Commencement Confetti

An omnium-gatherum of notes and statistics, vital and otherwise

As seniors file into sweltering Memorial Church for their Baccalaureate service, the Rev. Mr. Gomes confiscates life-sustaining fluids. See the collection of water bottles at his feet. JANE REED
The wholehearted Harvard Band played "Harvardiana" Commencement afternoon. At the place where the audience shouts "Harvard! Harvard!" women present gave alternate, antiphonal shouts of "Radcliffe! Radcliffe!"-- perhaps with particular fervor this time because of the merger. Said a listener, "These were the sounds of a dying era, literally the last hurrahs."

AND A TICKET DOESN'T GUARANTEE A SEAT

A sign by Pusey Library seen the day before the great day offered a Commencement ticket for sale --for $150 or best offer. Earlier in the week, a sign by Piglet's house near the Science Center had advertised two for $75 each.

BLOWING HOT, COLD

Commencement impresarios took a few days to get the weather right. On the Monday of the week, fiftieth reunioners went to their afternoon symposium, "Technology Is Driving the Future," through embracing humidity and a temperature of 97 degrees Fahrenheit, a record for the date. The peonies in the perennial border in front of Loeb House were whimpering. Tuesday was a bit better: 92. Wednesday was plain cold--60 degrees in midafternoon, and grey--sweater weather. But Commencement Day was perfection: near cloudless, the firmament a pure, deep blue, kindly breezes, in the low 70s. These conditions persisted Friday and Saturday. The twenty-fifth reunioners come now on Tuesday and leave on Sunday--instead of their former Sunday-to-Friday behavior --so as to have a Saturday layover and lower airfares. Sunday was partly sunny as the last of them departed, full of the night before and its cocktails and dinner behind Harvard Stadium, its postprandial rock and roll to the music of The Fat City Band. Banners had been stowed, most chairs folded, and some tents collapsed, and the Yard's grass was on the comeback trail.
Richard Rouse, left, sheriff of Suffolk, and James DiPaola, sheriff of Middlesex, made their entrance at Commencement atop these splendid steeds. When asked if he rode often, Rouse replied, "Not as regularly as I should."

BATONMEISTER

Marshal's aides wield batons (painted black with red ends) at Commencement. The wooden batons are crafted by H. Holton Wood '40, a retired investment counselor from Dedham, Massachusetts, and a member of the Harvard Alumni Association's Committee for the Happy Observance of Commencement. Wood works for fun, gratis, in his shop at home.

FOR THE RECORD

The University awarded 6,487 degrees and 339 certificates at its 348th Commencement, June 10. The colleges granted 1,659 degrees; 52 men and 34 women graduated summa cum laude, up from last year's total of 70. The Law School released 710 graduates into the world, among them Julian Wing-Kai Poon, only the second person to earn a J.D. summa since 1982. H.A.A. outgoing president Ciji Ware, speaking at the association's annual meeting on Commencement afternoon, reported that 20 classes were reuning, with 384 classmates plus family or guests for the fiftieth and 553 classmates-plus for the twenty-fifth. Attendance for the twenty-fifth was down from the 700-plus of last year, but the class gift of $14 million was the second highest in history, again bested by the class of '73 (for more about annual giving, see "Recordbreakers"). Six alumnae from the Radcliffe class of 1929 celebrated their seventieth reunion. Some 29,000 participants packed the Yard on Commencement morning. There were no spectators.
Leverett House accessories were the idea of Matthew Smith '99 of Fort Lauderdale, "the most ridiculous thing I could find to contrast with this solemn occasion."
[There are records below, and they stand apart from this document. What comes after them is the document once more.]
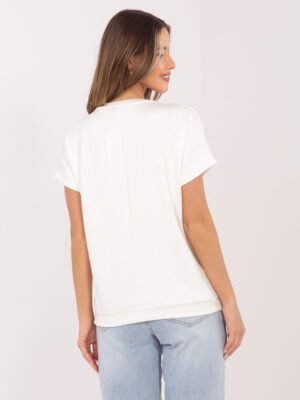 Alternative view of Laisvo kirpimo marškinėliai su V iškirpte ir širdelės akcentu "TITA" pieno balta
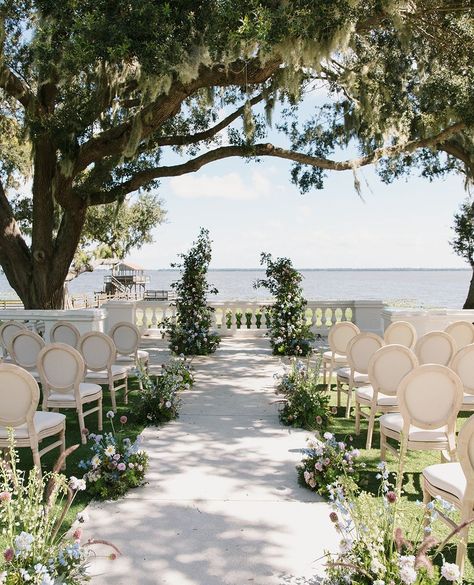 We can't wait to help you plan your dream wedding 💖 To book a tour of Bella Cosa wedding venue in Lake Wales pop us a message or email us at weddings@bellacosaweddingvenue.com. We would love to hear from you and start your wedding planning. Dream Wedding Venues Beach, Wedding Venues By Water, Outside Venue Wedding, Wedding Venues Ideas Outdoor, Lake Venue Wedding, Wedding At Lake House, Wedding Venue By Water, Isle Wedding Ideas, Family Style Seating Wedding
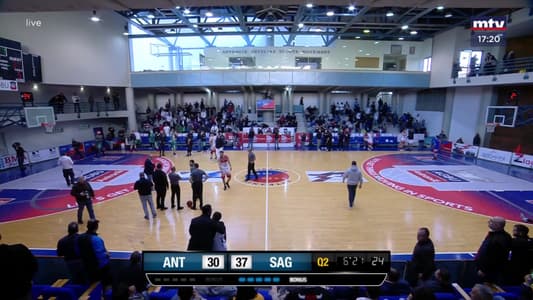 The match between Antranik and Sagesse was stopped in the second quarter as a basket was broken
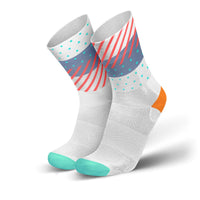 1 x RAW Customer Returns INCYLENCE Wildness sports socks long, lightweight running socks, breathable functional socks with anti-blister protection, socks, white, mint, neon red, 35-38 - RRP €18.0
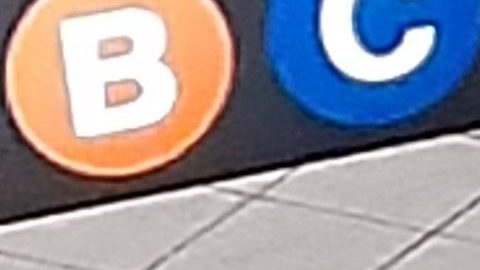 Agente NYPD en estación del Metro.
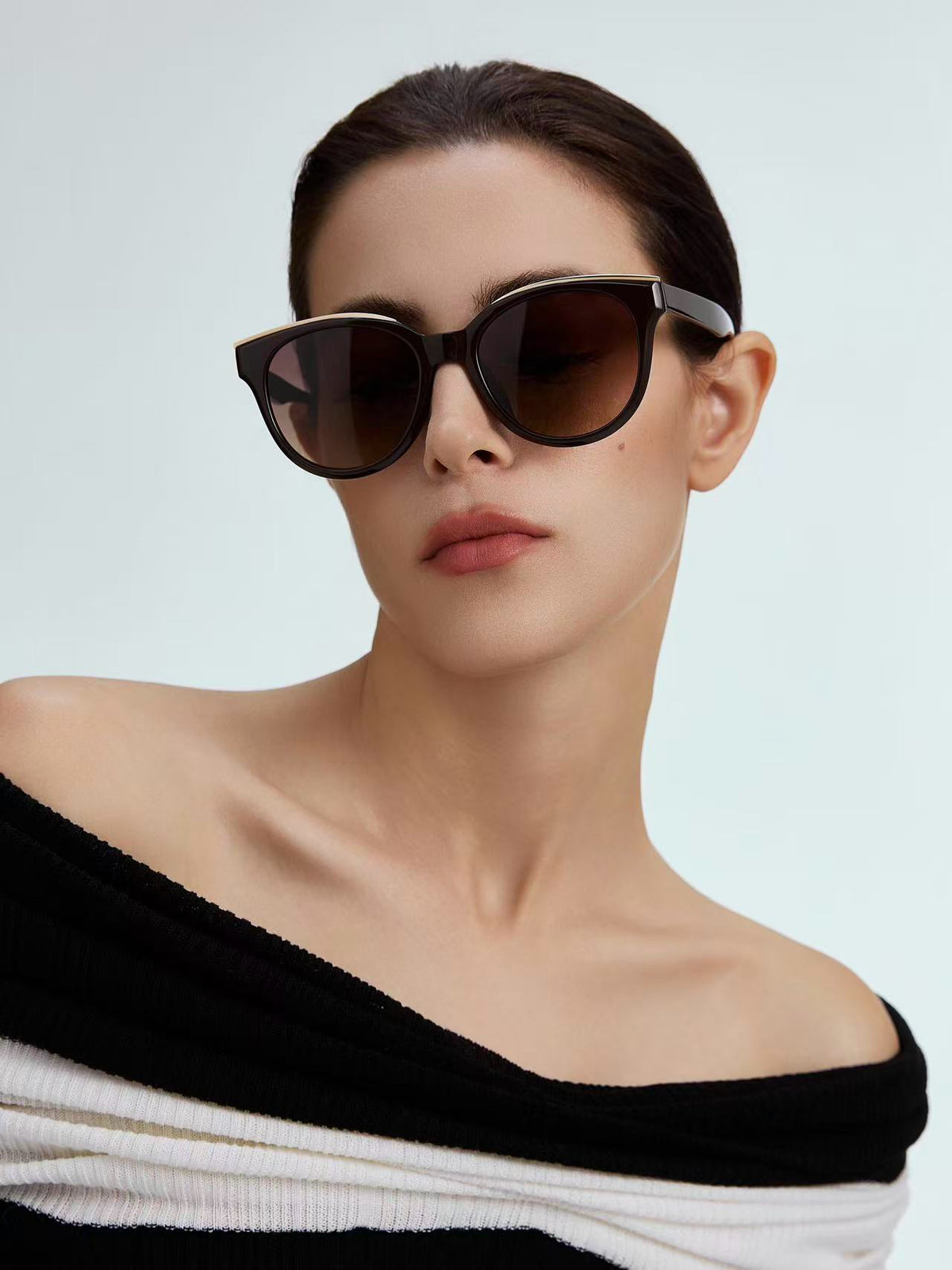 Mehrfarbige Sonnenbrille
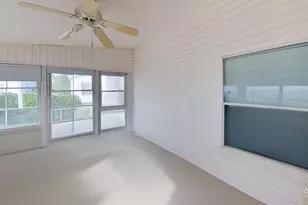 207 N Heron Dr, Briny Breezes, FL 33435 - Photo 12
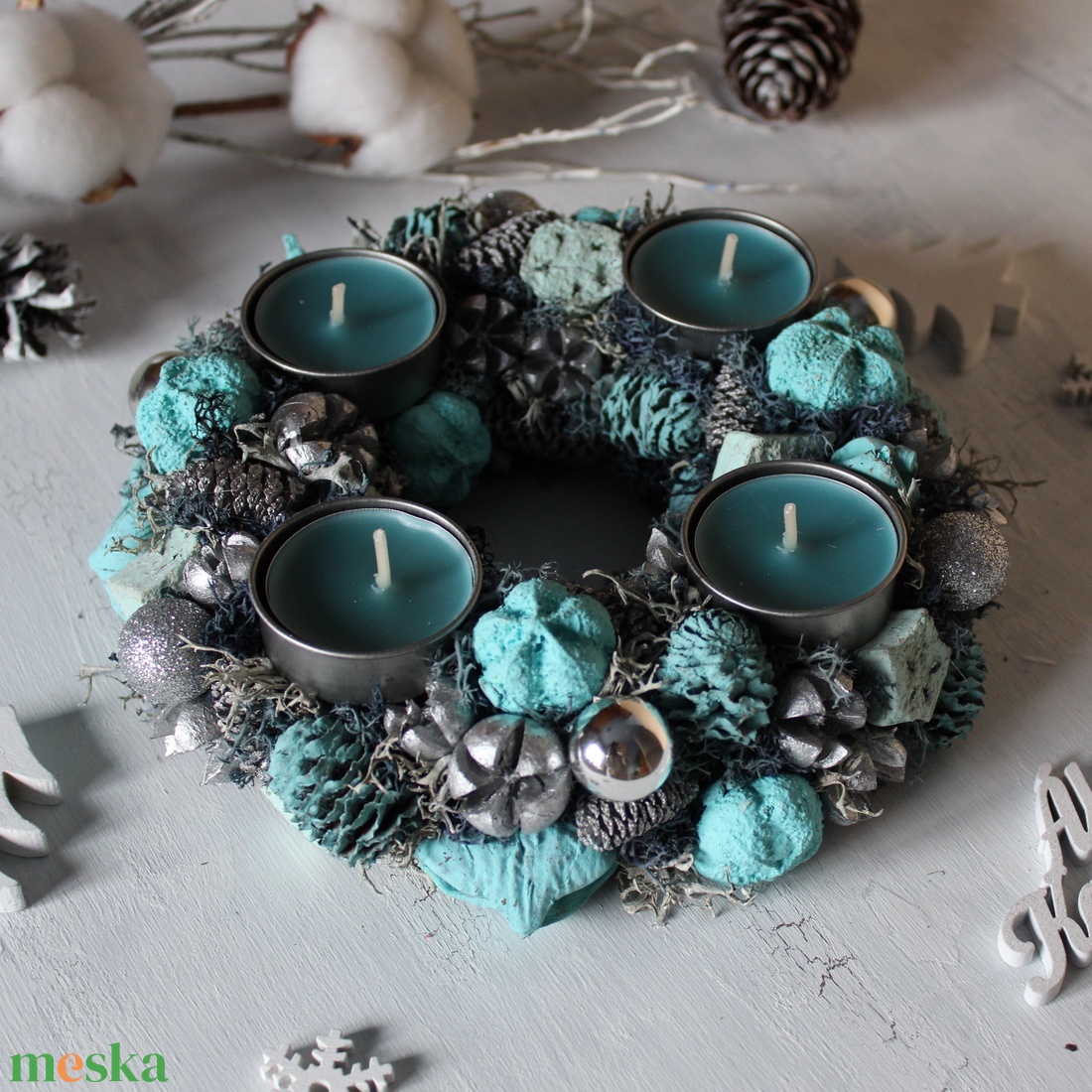 Adventi koszorú mécsesekkel (türkizkék-ezüst) - karácsony - adventi díszek - adventi koszorú - Meska.hu Adventi koszorú mécsesekkel (türkizkék-ezüst) - karácsony - adventi díszek - adventi koszorú - Meska.hu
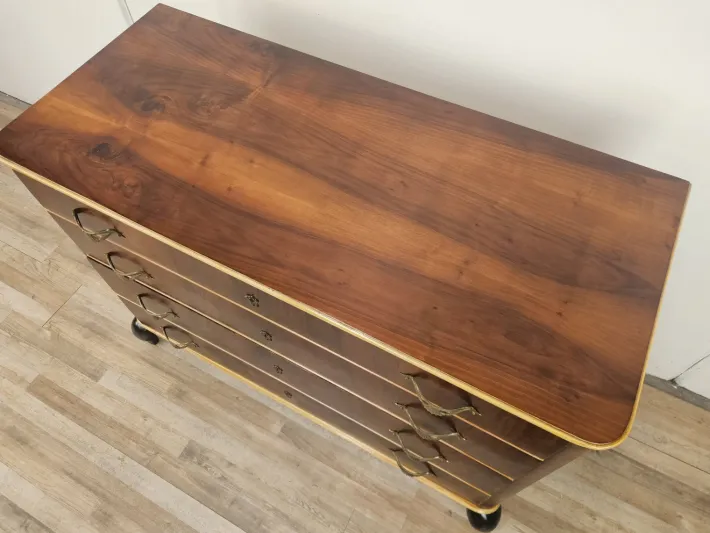 Pamono Chest of Drawers in Mahogany and Maple with Lacquered Feet, 1950 Outlet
THE MASSACHUSETTS MOUNTIES

The sheriffs of Middlesex and Suffolk Counties, who came to Commencement on horseback, let it be known that they wished to ride into Tercentenary Theatre at the head of the procession, but the Harvard powers-that-be refused, despite assurances that the horses were used to crowds. Moreover, marshal's aide Peter McKinney, former associate dean, who would have marched behind the horses, allegedly refused to carry a push-broom. At 9:15, when the Commencement caller summoned the president's division to the line of march, the worthies fell in briefly behind the mounted sheriffs, prompting the caller to announce, "The president's division is now advancing, led by the cavalry." But the sheriffs, dutifully, soon dismounted. They evidently had so enjoyed their equestrian outing that they kept the horses on hand and rode them here and there in the Old Yard, aimlessly but harmlessly, at lunchtime. During the morning exercises, President Rudenstine called upon Middlesex sheriff James DiPaola, a ham, to intervene when degree candidates from the Business School cheered themselves excessively. The sheriff rose from his seat at the edge of the stage, strode imperiously forward, and demanded order, which did indeed ensue.

GREENSPAN THE JOKER
Jean-Louis Bourgeois '62, protesting Harvard's policy about honorary degrees, holds a photograph of his mother, Louise Bourgeois, who was to have been named a doctor of arts.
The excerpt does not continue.